D’où vient cette croyance en la toute-puissance justificatrice du Discours ? Croyance qu’une vérité est disponible pour tout ce qui existe et pour le Monde en général, vérité dicible par les Maîtres (ceux qui prétendent la détenir ou, pire encore, l’incarner). Croyance enracinée dans le discours du Maître par conséquent, qui est aussi la première forme de discours comme l’a bien vu Lacan, dans son essence foncièrement politique, et dominatrice. Discours métaphysique fondamentalement, bien plus que philosophique, au sens où il s’inspire explicitement ou implicitement du religieux ; tandis que si la philosophie peut bien avoir des préoccupations métaphysiques, elles restent cernées par la raison.

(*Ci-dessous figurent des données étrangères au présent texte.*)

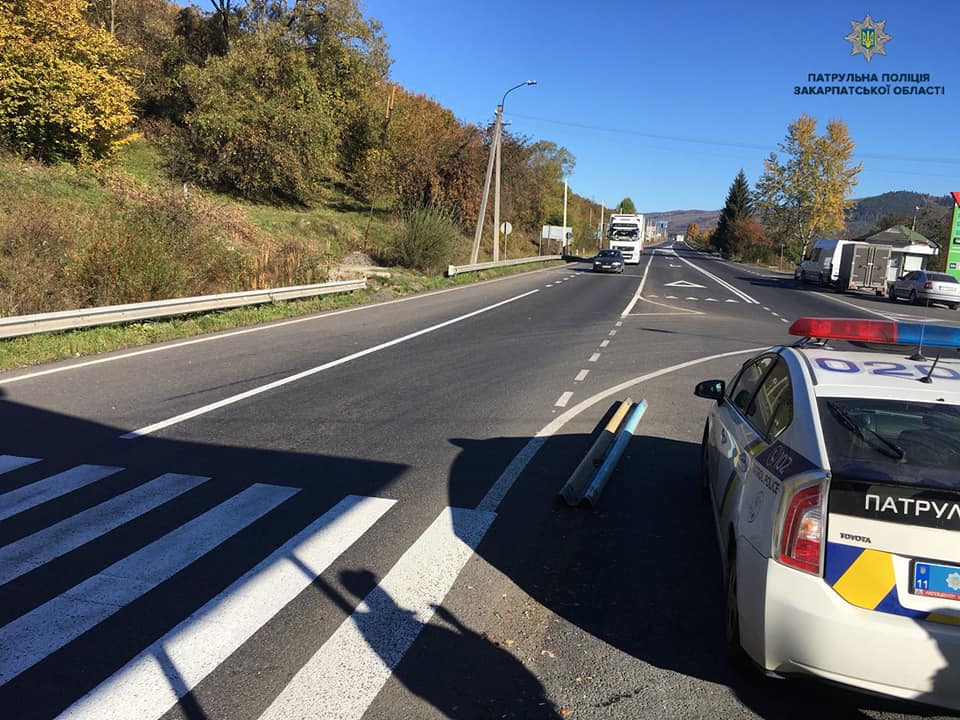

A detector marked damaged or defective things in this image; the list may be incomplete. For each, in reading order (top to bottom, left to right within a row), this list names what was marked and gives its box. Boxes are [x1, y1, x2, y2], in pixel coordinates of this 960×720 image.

damaged sign pole [580, 400, 648, 506]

Tout discours est imaginaire et aucun ne contient La vérité. Celui qui tient un discours en général le fait pour répondre à une question, et il suppose à juste titre que la vérité se trouve en l’Autre. Une première vérité se trouve pourtant dans la question originaire adressée à l’Autre (on ne chercherait pas une vérité si l’on n’en détenait pas au moins une partie), mais à ce stade celle-ci n’est que parole, pas encore discours. Elle se réduit à la pure énonciation d’un désir ou d’un doute comme chez Descartes, mais qui finalement prend valeur d'une certitude absolue, sous l'espèce du fameux cogito, lui-même fondement d'un discours dit "scientifique" capable d'apporter des réponses plus ou moins probantes ...mais toujours incomplètes.

Cette vérité inconsciente du sujet qui est d’abord celle de son désir, le locuteur ne saurait la faire émerger intégralement dans « son » discours, pour la bonne raison qu’il n’est déjà plus le « sujet » de son discours. Il y a un sujet de la parole, mais il n’y a pas de sujet du discours : tout discours est neutre, anonyme, social, imaginaire (au sens il cherche à composer un « monde ») même s’il peut produire des effets de vérité pour des individus qui décident alors d’assumer, en le « tenant » ou en le "soutenant" comme on dit, tel discours plutôt qu’un autre. - Reste alors l’écriture, dont la portée déborde à nouveau le discours (car n’étant pas directement interlocutoire), pour ré-inscrire une vérité pleinement subjective, qui nous concerne, mais forcément déconcertante.

Certes, le discours social n’est pas sans générer un certain savoir plus ou moins vérifiable, donc transmissible. Mais dans tous les cas, la part de vérité qu’un discours peut contenir sera fonction de la capacité des locuteurs à remettre en « question » la légitimité ou plutôt la suffisance dudit discours - à savoir, comme on a dit, que la vérité n’y est jamais totale. Si cette réserve ou cette distanciation critique est bien (quoique fort inégalement) présente chez les philosophes, les scientifiques, et chez les analystes (plus largement ceux dont le métier est d’interpréter), elle est totalement absente chez les métaphysiciens (auxquels j'ajouterais les idéologues, et certains politiciens) dont le discours est par essence dogmatique et autosuffisant. D’autant plus qu’ils auront tendance à faire passer le Discours le plus fumeux (ou convenu, superficiel, etc.) pour une Parole dotée d'une profondeur abyssale, allant pour ce faire jusqu'à fétichiser leur propre voix : travers "pervers" qui, des anciens magiciens jusqu'aux intellectuels pour plateaux de télévision, à toujours été la marque des plus grands imposteurs.